Dans la perspective de « l’égalité des sexes » (qu’on sait chère au Diplo même si elle attend toujours un minimum de clarification idéologique), on apprend, grâce à votre collaborateur J. Fleuri (avril 2016), que les femmes japonaises seraient majoritairement « cantonnées aux basses tâches », indicateur évident « de mépris et de manque de respect envers les femmes ». Le seul problème, c’est que les exemples illustratifs de cette bassesse concernent… « l’éducation des enfants » ainsi que « les soins prodigués aux personnes âgées ». On se réjouit pour Carol Gilligan [1] qu’elle ne soit pas encore décédée, car elle se serait immanquablement retournée dans sa tombe ; en revanche, dans un journal tellement enclin à dénoncer l’irresponsabilité politique des autres médias, on s’étonne de voir exprimés sans la moindre distance critique des préjugés aussi vulgaires, qui tiennent plus de l’acte manqué au sens freudien que d’un travail journalistique imprégné d’un minimum de conscience quant à la gluance du politiquement correct.

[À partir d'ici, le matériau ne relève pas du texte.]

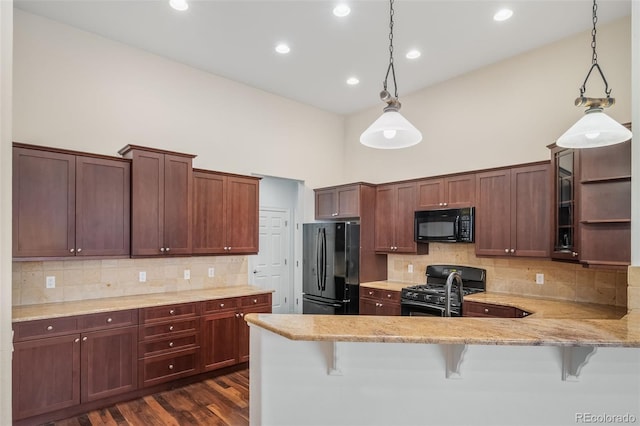 kitchen with pendant lighting, a kitchen breakfast bar, black appliances, and kitchen peninsula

Ce, d’autant plus que le modèle de réussite féminine mis en exergue par l’article (« femme active et bien dans sa peau ») n’est autre que celui d’une salariée qui vient d’obtenir une promotion dans « un grand groupe hôtelier américain » moyennant une augmentation « considérable » de ses horaires de travail dont elle se dit « contente », et qui se réjouit que son entreprise lui fasse « confiance ». Ça laisse songeur que, par rapport aux tâches fondamentales de la transmission d’une part, de la protection des plus faibles d’autre part, Le Monde diplomatique privilégie aussi naturellement (j’allais écrire : aussi compulsivement) la soumission empressée à un méga-groupe américain anonyme, via une dévotion sans faille des individus à ce scrofule du capitalisme contemporain que constitue le tourisme international [2]

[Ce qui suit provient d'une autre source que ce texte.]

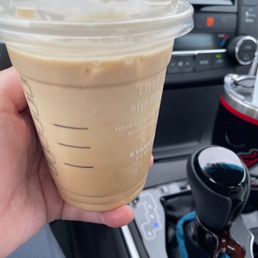 a hand holding a cup of iced coffee a hand holding a cup of iced coffee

Pour les raisons susdites, Carol s’en tire bien – jusqu’à nouvel ordre ; mais j’entends d’ici le vrombissement furieux de Karl-la-toupie…
« Partout où elle a conquis le pouvoir, [la bourgeoisie] a foulé aux pieds les relations féodales, patriarcales et idylliques. (…) Elle a fait de la dignité personnelle une simple valeur d’échange (…). En un mot, à la place de l’exploitation que masquaient les illusions religieuses et politiques, elle a mis une exploitation ouverte, éhontée, directe, brutale. » [3]
C’est bien une telle exploitation « éhontée » que promeut le Diplo, sans la moindre vergogne décelable…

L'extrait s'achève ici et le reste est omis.